Drizly Lands $2.25 Million to Have Booze Delivered to Your Door in NYC and Boston
Can ordering liquor delivery become as easy on mobile devices as food delivery has? A Boston-based startup called Drizly says it’s working on an app to make it so.
Drizly makes an iPhone app, conceived by three college friends in 2011, that gives liquor shoppers a digital way to order beer, wine or liquor from a store near them. It first launched publicly in the Boston metropolitan area in May, and today it’s opening its service in New York City, where it is working with 26 liquor and wine stores. It also recently closed a $2.25 million seed investment round from Atlas Ventures, Breakaway Ventures and a handful of other firms and angel investors.
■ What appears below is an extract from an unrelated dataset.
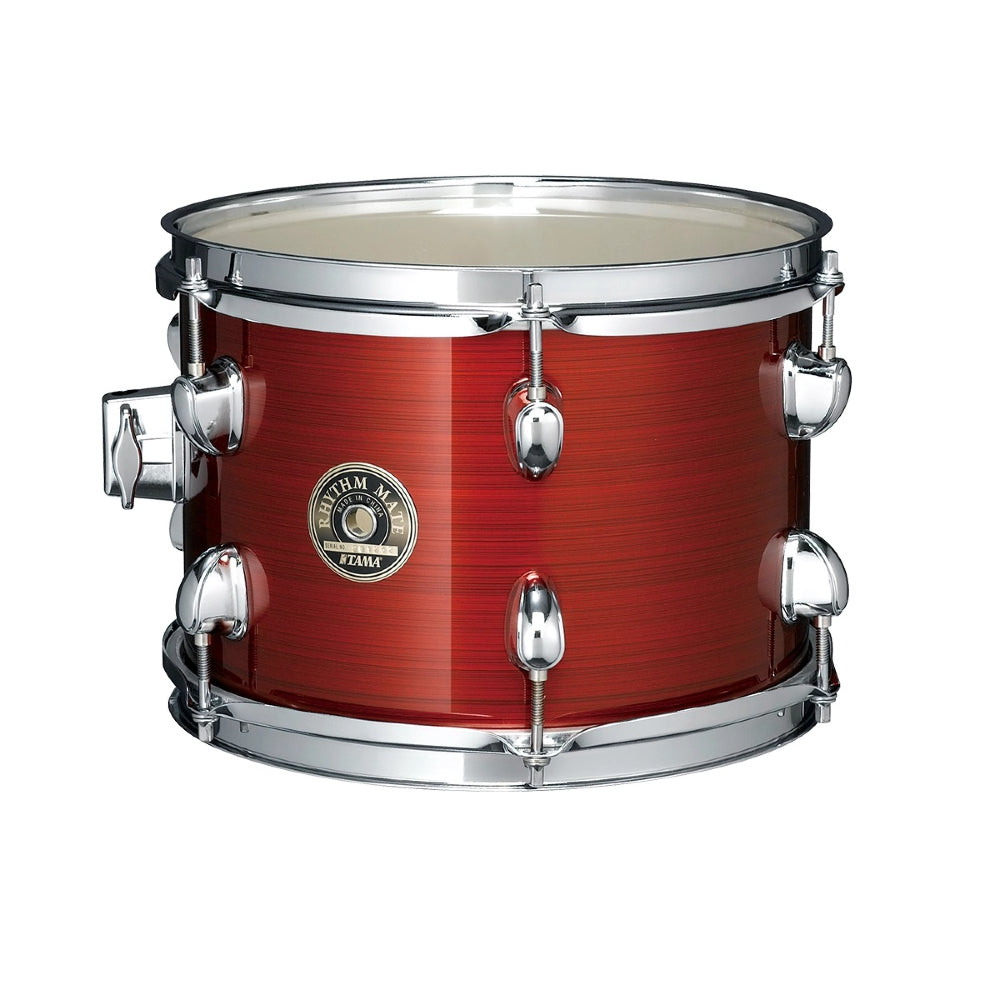 Tama Rhythm Mate RM52KH6C-RDS Red Stream 5-piece complete kit with 22" bass drum - with cymbals set and Hardware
In the same way that Seamless works with restaurants, Drizly works with wine and liquor shops that already employ delivery people but that are looking for new customers. Drizly is supposed to aggregate demand for booze, take the orders on its app, and send them through to the partnering store closest to the orderer. While Drizly customers enter their credit card information into the app, the stores actually process the transaction.
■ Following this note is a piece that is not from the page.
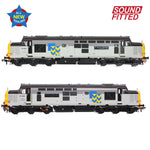 Bachmann 35-337SF OO Gauge Class 37/4 37423 'Sir Murray Morrison' BR RF Metals Sector (SOUND FITTED)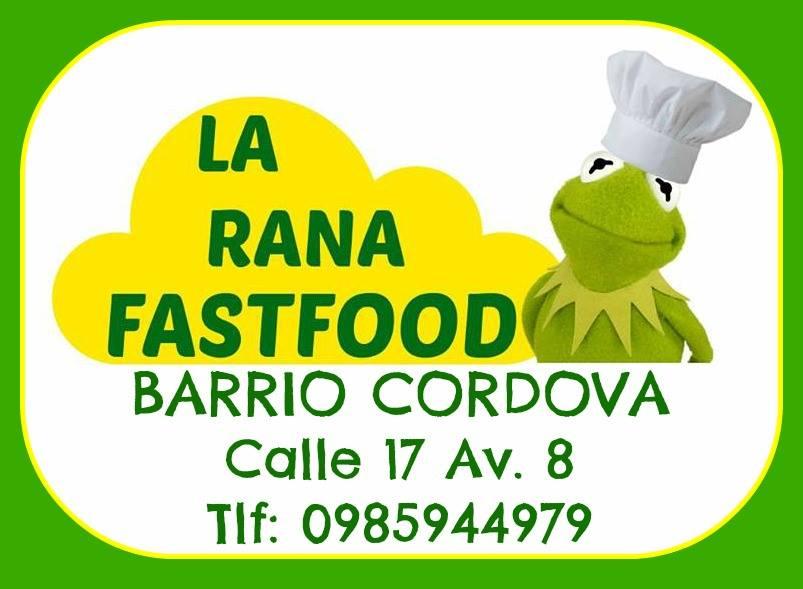 La RANA Fastfood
Drizly doesn’t take a cut of the orders — that’s one reason why New York’s State Liquor Authority approved it to operate without a liquor license — but instead charges the liquor and wine stores a monthly fee to use its order fulfillment software as well as its iPads and iPhones.
It also provides the delivery drivers with technology to scan IDs to cut down on the chances of underage buyers ordering liquor through the app. At the same time, CEO Nick Rellas freely acknowledges that many fake IDs scan as real, so the Drizly technology also provides delivery people with tips on different features to look for to help determine whether an ID is real or not. Eventually, Rellas says, the app will require customers to upload images of their ID to the app before an order is placed, to help stores screen for underage drinkers in advance.
“We recognize that any customer is potentially the one that shuts them down,” Rellas said. “So we’re spending money with no legal requirement to do so [to develop card-screening technology].”
The appeal for Drizly users is that they don’t have to try to figure out which shops near them deliver and then call them up to see what they have in stock. They can search the app by type of liquor, wine or beer; by liquor brand; or even by wine varietal.
The app has been live in the Boston metropolitan area for eight months, working with 16 liquor stores to deliver alcohol to Drizly customers, usually within 60 minutes. The company is seeing several hundred orders a week across those stores, with little promotion, but it will need more than that to build a business that lives up to venture capitalist expectations. It will also need to build brand awareness as competitor apps such as the slick Minibar app enter the fray, along with booze-delivery offerings facilitated by companies that have their roots in food delivery, such as FreshDirect and Delivery.com.
So, how will Drizly generate more demand? For one, since the app isn’t allowed to discount store prices, the company has often paid the $5 delivery charge that Boston shops must charge. It’s also currently experimenting with some advertising on Google and Facebook.
But a big boost may come from a marketing deal it just signed with Pernod Ricard USA, the maker of liquor brands such as Absolut, Jameson and Kahlua. At a high level, the deal will involve Pernod Ricard advertising its brands on the Drizly app, as well as promoting it to its customers as a preferred partner in other marketing initiatives.
“We will make sure that our consumers … are aware of this service, and are aware of the opportunity to have our products in their doors in 30 to 60 minutes,” said Tim Murphy, vice president of digital and media at Pernod Ricard USA.